Kolaylığı sever hale geldik.

Getirmek istediler bizi evet ve biz de balıklama atladık kolayın, kolaycılığın oltasına.

1980 özellikle de 2000 sonrasında inşa edilen kaç konutun içinde salon çiçeği, tül, pancur, al yaprak, deve tabanı gibi oda çiçekleri ve bahçelerinde de çeşit türlü çiçek ekilip yetiştirilmekte.

Zordur ev çiçeği yetiştirmek bakım ister ve bakım kadar da ilgi ister.

Kendi çocuğuna, çocuğun hak ettiği ilgiyi gösteren kaç kişi var diye sorsam, hep bir ağızdan hepiniz birden gösteriyoruz diye ortaya atılacaksınız da eğer çocuklarınıza hak ettikleri ilgiyi gösteriyorsanız bunca kreş niye var, bunca etüt vs vs.

İlgisizliğin dik alası değil mi bir çocuğun kentteki ilkokula, ortaokula yetişsin diye sabahın köründe uyandırılarak kahvaltı edip etmediği meçhul bir şekilde servis otobüslerine yetiştirilmeye çalışılması.

Kaç anne baba servis otobüslerini gidip inceledi.

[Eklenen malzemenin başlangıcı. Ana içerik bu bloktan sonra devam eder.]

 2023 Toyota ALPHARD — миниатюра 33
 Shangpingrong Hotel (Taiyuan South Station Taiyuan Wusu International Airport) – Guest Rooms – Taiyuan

Kaç öğretmen ve onların sendikaları servis otobüslerinin durumunu protesto etmek için ‘eylem koydu’ tırnak içinde, çünkü eylem konmaz yapılır.

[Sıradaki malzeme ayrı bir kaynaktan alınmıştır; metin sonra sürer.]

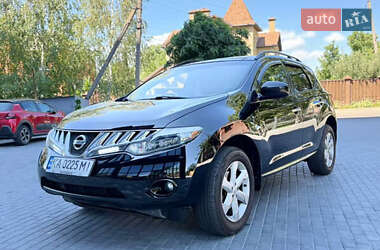 Позашляховик / Кросовер Nissan Murano 2008 в Києві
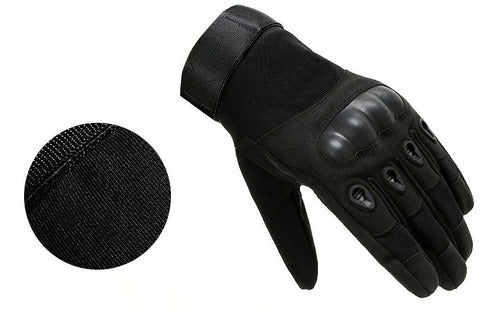 X2 Guante Scooter Bicicleta Transpirable Premium - Eciclos Xl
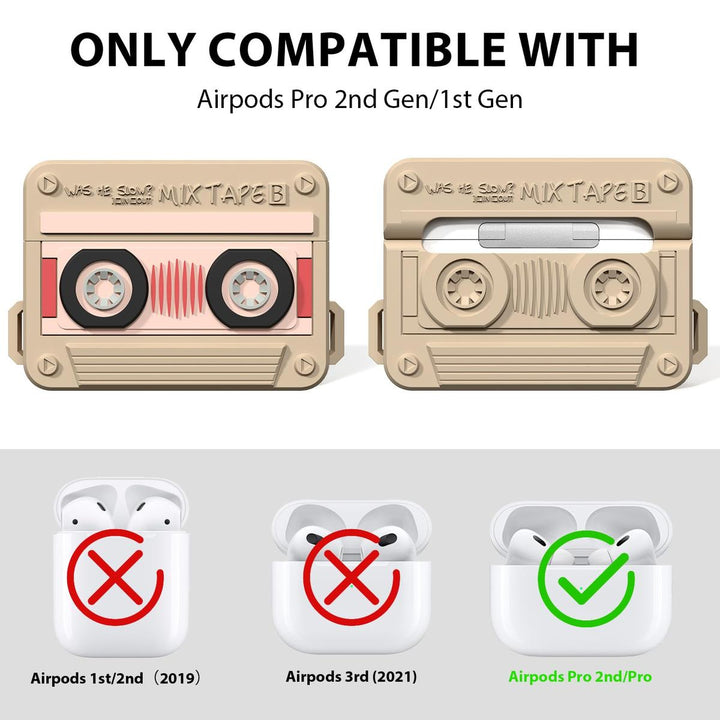 ProClean AirPods Case + Cleaner - DOKUTRONIX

Gözlerinin önünde köyler köylükten çıkarak Avrupanın orta  gelir gruplarının banliyöleri haline gelirken kaç köylü ‘ biz napıyoruz’ kendimize diye sorguladı. Alsancak, Lapta limon bahçeleri arsalaştırılarak sat-al toptan ya da kiradanzahmetsiz kazan kondulara kurban edilirken,   ‘ özgür iradesi’ ile değil de başçavuşun silah tehdidi ile köyün kasabanın geçmişini ve geleceğini kararttı.

Evet Lefkoşa’da, Mağusa’da bir apartman dairesini kiralayıp ya da yeni apartman dikip burası veteriner, şurası ziraat dairesidir demek ve eylemek, her köye bir veteriner kliniği, bir ziraat odası ve mühendis ile veterinere lojman inşa etmekten kolaydır. Kolayı kolaycılığı seçti hükümetler ve veterinerler ile mühendisler ziraatçılar da bu kolayı sevip kolaycılığı benimsediler.

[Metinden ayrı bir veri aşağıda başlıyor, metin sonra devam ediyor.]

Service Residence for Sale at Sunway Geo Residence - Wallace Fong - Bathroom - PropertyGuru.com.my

Kolay ve kolaycılık yedi bitirdi geleceğimizi ve geçmişimizi de.

Belediyelerde kaç tane mezarlıkları yeşillendirmek için işçi istihdam edilmiştir-edşlmektedir,  kaç tane kitabet memuru.

Şu kadar yıl o dairede, ofiste, kurumda istihdam edilince otomatik olarak kalifiye eleman statüsüne geçmek kolaylığı bizden başka nerde var.

Zordur,  örneğin öğretmenlerin her köye bir ilkokul açılsın diye kampanya başlatarak köy öğretmenliği için gönüllü öğretmen olmaları.

Zoru seçecek kadar ‘ahmak’ olmadıkları içindir ki okul bahçeleri sessiz onay ile oto park oldu.

Kaç partinin merkezinde her köyün toprak,  miktarı, nasıl tarım yapıldığı hayvancılığın durumu, köyde kaç genç yaşadığı ile ilgili bilgiler var ve kaç parti hangi köyde neyin nasıl yapılması gerektiğini bilir.  Hür ve özgül irade bunlara kafa yorar.